Immediate ART initiation does not improve outcome in patients presenting with HIV-associated tuberculous meningitis. There were significantly more grade 4 adverse events in the immediate ART arm, supporting delayed initiation of ART in HIV-associated tuberculous meningitis. Clinical Trials Registration. ISRCTN63659091.
目前尚不清楚开始抗逆转录病毒治疗(ART)的最佳时间是在人类免疫缺陷病毒(HIV)相关结核性脑膜炎患者中。
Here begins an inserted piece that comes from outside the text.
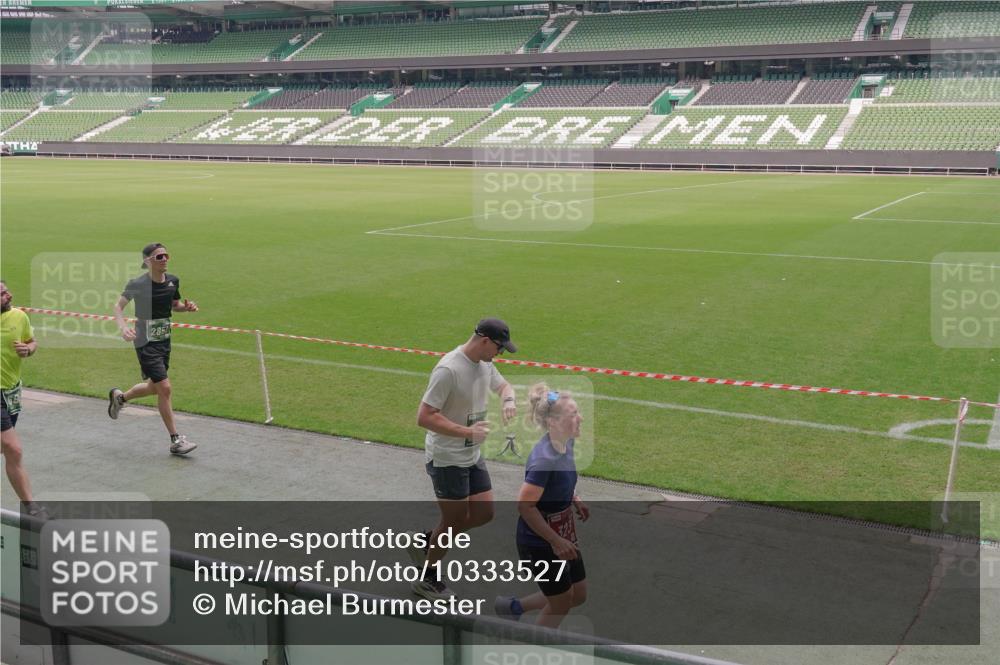 13.09.2026 - 21. swb-Marathon Bremen Michael Burmester http://msf.ph/oto/10333527 13.09.2026 13:06:13 Laufen im Stadion 109, 178, 217, 244, 287, 303, 310, 323, 372, 394, 430, 454, 536, 578, 613, 647, 784, 831, 891, 900, 1073, 1083, 1205, 1239, 1243, 1274, 1307, 1308, 1365, 1369, 1380, 1437, 1533, 1545, 1574, 1581, 1627, 1656, 1780, 1823, 1848, 1871, 1909, 1914, 1932, 1941, 2023, 2076, 2089, 2090, 2126, 2241, 2244, 2265, 2275, 2301, 2310, 2355, 2356, 2393, 2440, 2464, 2602, 2707, 2723, 2742, 2764, 2867, 2902, 2959, 2985, 3030, 3115, 3278, 3320, 3343, 3444, 3485 meine-sportfotos.de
我们进行了一项随机、双盲、安慰剂对照试验,比较了 HIV 相关结核性脑膜炎患者中立即开始与延迟开始 ART 的效果,以确定立即开始 ART 是否可以降低死亡率。抗逆转录病毒药物(齐多夫定、拉米夫定和依非韦伦)在研究入组时或随机分组后 2 个月开始使用。所有患者均接受标准抗结核治疗、辅助地塞米松治疗以及预防性复方磺胺甲噁唑治疗,并随访 12 个月。我们进行了意向治疗、符合方案和预先指定的亚组分析。
共有 253 名患者被随机分配,其中 127 名患者分入立即 ART 组,126 名患者分入延迟 ART 组;在 9 个月内,立即 ART 组和延迟 ART 组分别有 76 名和 70 名患者死亡。立即开始 ART 与 9 个月时的死亡率(危险比[HR],1.12;95%置信区间[CI],0.81-1.55;P=0.50)或新发艾滋病事件或死亡时间(HR,1.16;95%CI,0.87-1.55;P=0.31)均无显著相关性。两组严重不良事件(3 级或 4 级)的发生率均较高(立即 ART 组为 90%,延迟 ART 组为 89%;P=0.84),但立即 ART 组的 4 级不良事件明显更多(立即 ART 组 102 例,延迟 ART 组 87 例;P=0.04)。
对于出现 HIV 相关结核性脑膜炎的患者,立即开始 ART 并不能改善其结局。立即 ART 组的 4 级不良事件明显更多,这支持在 HIV 相关结核性脑膜炎中延迟开始 ART。临床试验注册。ISRCTN63659091。